I’ve been asked a number of times about what happens at a Brazilian Jiu-Jitsu (BJJ) class. I thought I could provide a quick summary of what I’ve learned so far.

Show up early. When you get there early, you can assist in getting the space ready for the class. For us, this means rolling out and positioning the mats. It’s also a great time to get to know the other club members.

Don’t come late or the instructor can refuse to let you take the class or enforce a penalty, such as a number of pushups, situps or both. Not only is this about showing respect for your instructor and classmates, it’s also about getting you warmed up in the shortest amount of time as you may have missed some or all of the class warm up.

When everyone has their kit on we are ready to get started. The typical format, as far as I can see it, is:

1 Warm up

2 Teaching with demonstrations

3 Light (flow) rolling

4 Scenario sparring

5 Sparring

6 Cool down and stretch

In item 2,  the instructor will select a peer of similar height and weight and talk through a particular technique. Whilst demonstrating it, you can ask questions. Once the technique has been sufficiently covered the instructor counts 1,2,3 and everybody claps in time. This signifies the end of the demonstration and at this point, you partner up again with someone that’s the same height and weight and get to try it out for yourself.

While practising the technique with your partner, the instructor will walk the room offering help, answering further questions and perhaps demonstrating again if he feels that there is an issue with a part of the technique that most students have missed.

Depending on time, items 3 and 4 may be left out. But I like 3 and 4. Flow rolling means that you are essentially leading each other through guard passing and techniques that need to be rehearsed. Don’t resist movement. It’s a flowing continuous spar. If a submission is available, show by demonstration that you could have exploited it but make the point physically and get back into the flow.

Scenario sparring, in item 4, is where the instructor calls out a position to start from and the students find a partner and assume this position, for example, back or side control. When the timer starts the student in guard needs to pass or escape the position he is in before the other student can move from guard to submission.
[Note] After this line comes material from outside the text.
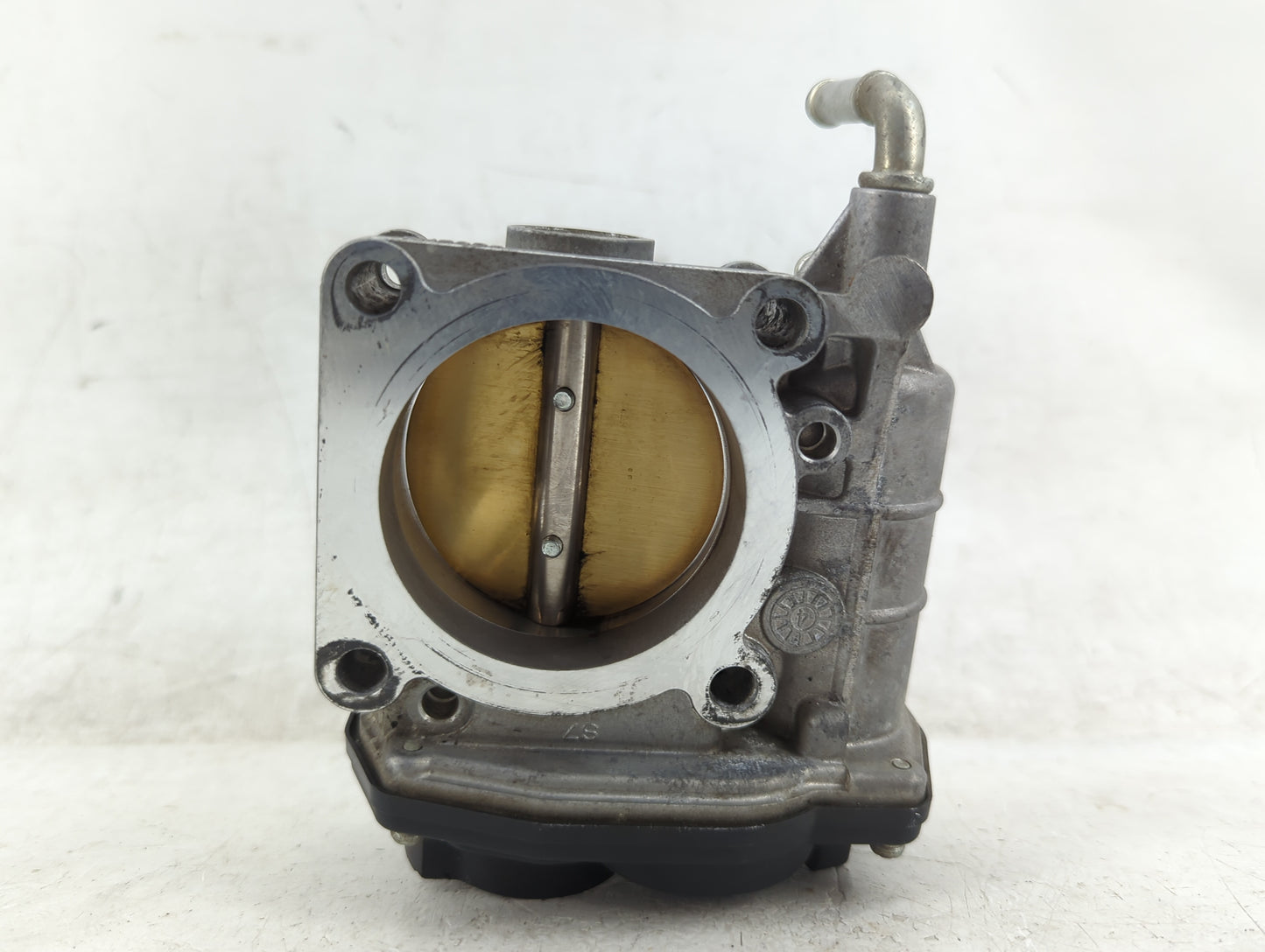 2011-2015 Nissan Rogue Throttle Body Fits Fits 2011 2012 2013 2014 2015 OEM Used Auto Parts - Oemusedautoparts1.com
You should be well and truly warmed up by now. Both physically and mentally. The move to sparring for a white belt is hard. This is where your technique is really tested. Rather than just slowly walking through exercises, you now have to compete against your classmate who is also trying to complete one of the techniques he or she knows. This is exhausting. The work rate is upped and at a low belt level, drains your energy. The key lesson here is how to preserve your energy. A very important skill for the BJJ practitioner.

Once time is up, then instructor calls everyone to line up in rows and the cooldown begins. This consists of stretches and yoga poses to loosen up strained muscles and get your body temperature down. It is essential to slow your heart rate before leaving the room. Once this is complete, there may be club announcements and then it’s the circular walk of the mat to bow, shake hands or man hug everyone in the class as a mark of respect for your classmates.

Go home and enjoy the endorphins!

This post is based on my fifth lesson at Mathouse BJJ in Reading. A Roger Gracie Academy.